Bone Sliver Penetrates Researcher’s Hand and Exposes Him to HIV

What Happened?

A researcher was preparing to remove bone marrow from a humanized mouse which had been infected with HIV six weeks prior to the experiment. The researcher was working inside a biosafety cabinet and wore appropriate BSL2+ PPE including a disposable gown and double gloves. During the procedure the bone splintered and a small sliver penetrated the researcher's finger. The researcher removed the bone sliver from his hand causing the finger to bleed. He immediately removed his gloves and washed the affected area.

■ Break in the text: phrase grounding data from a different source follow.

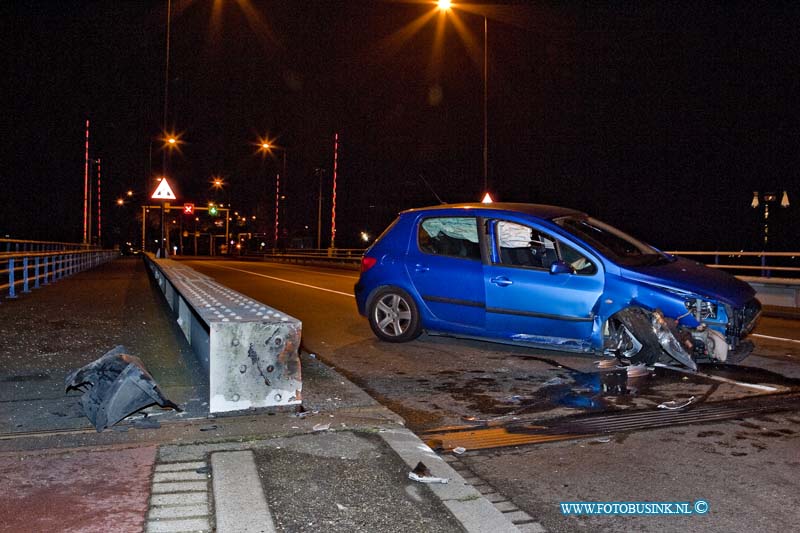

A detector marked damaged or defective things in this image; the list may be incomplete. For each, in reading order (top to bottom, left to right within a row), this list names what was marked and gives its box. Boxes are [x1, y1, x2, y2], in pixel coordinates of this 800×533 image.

shattered windshield [552, 216, 668, 266]
damaged blue car [354, 202, 764, 368]
exposed headlight [684, 298, 716, 318]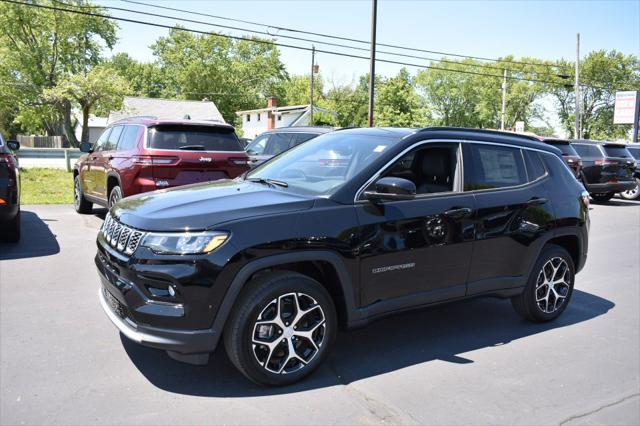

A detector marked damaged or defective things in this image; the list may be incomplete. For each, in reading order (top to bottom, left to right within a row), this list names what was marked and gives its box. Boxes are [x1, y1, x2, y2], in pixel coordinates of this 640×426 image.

pavement crack [556, 392, 636, 426]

The researcher was escorted to Occupational Health and Safety by his PI within 10 minutes of the incident. 

What Was The Cause?

The researcher was holding the bone between his fingers and applied too much force when attempting to flush out the bone marrow, which caused the bone to splinter.

What Corrective Actions Were Taken?

Review bone marrow extraction procedure and update SOP if necessary.

How Can Incidents Like This Be Prevented?

After 10 min sterilization in ethanol bones turn brittle and splinter easily.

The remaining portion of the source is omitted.